The next day, Paul took Ginger out of the house. This left me time to think of the inevitable conversation I would have to have with his mother. I realized that I really desired some good cardio-vascular exercise, and since getting in shape is part of my mandate this winter…I thought I should jump on the elliptical trainer. I blasted tunes from Radio Paradise on-line, climbed on and began moving. As I began to rev up, I realized that without thinking about it, I had begun chanting Ma Aum in my laboured breath…then I realized that my breathing sounded the same when I used to jog…(even though I didn’t know it at the time, Jogging had become a meditation for me–it always made me feel terrific, my mind would feel clear and free…I always said it was like doing mental housework). Whats more though, I realized that my breathing sounds the same when, when,…you know…then…  By this time, I was fully immersed in movement, breath, rhythm and thought–my whole body from my head to my butt was swaying to the music …Then it hit me; the free-swinging arm on the elliptical trainer–it hit me in the head !! I had been lolling my head to and fro, completely oblivious to the moving arms of the machine,  I was holding the steady ones in the middle!  
 
But then this hit me; something I have always tinkered with in my mind, but have been reluctant to talk about. This suspicion I have that  finally reaching enlightenment is going to be like a giant cosmic/spiritual orgasm– leading to an eternal state of pure-bliss;  And the closer you get to it, the more fervently you want it…
 
This mantra,  Ma Aum can really sounds like the sounds of lovemaking…of the climb to climax (and based on its meaning, really are the sounds of love and creation–love & making). Also interesting to note is that Ma is a “bi-labial sound” (meaning it requires two lips) while Aum causes opens those lips.  Accordingly, Ma acts as the receiver ( the inhale) and Aum the giver (the exhale). 
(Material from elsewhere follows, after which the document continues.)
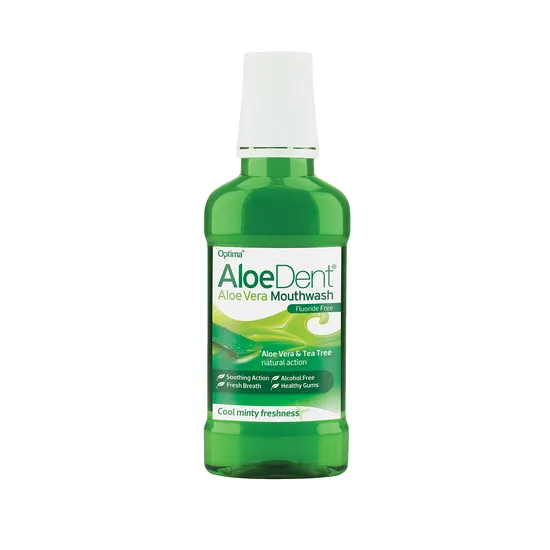 Aloe Dent Aloe Vera Mouthwash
(By the way, why do we call it lovemaking, when surely lots of us do it without  “Love” actually being involved?…maybe that’s a clue to the deeper spiritual association that we inherently know should be there…) 
 
Think about this too, it is a known fact that most people, from most cultures around the world, religious or not, ALL call out to God in seeking sexual climax;  and as we know, in English  it is usually preceded by “Aum”…as in “Aum-my-god”…sound familiar? (another side thought, I think many women, including myself make some kind of Aum sound when finally giving birth)
 
They say that enlightenment is a protracted state of ultimate pure bliss…therefore it is not inconceivable to relate it to the moment of orgasm and beyond, when shakti (female energy) meets male-matter, when creation begins,  when everyone squeals an ecstatic  variant of “Aum”; and then finally rests in  a perfect savasna-bliss.
 
“Enlightenment”…it really is THAT GOOD!!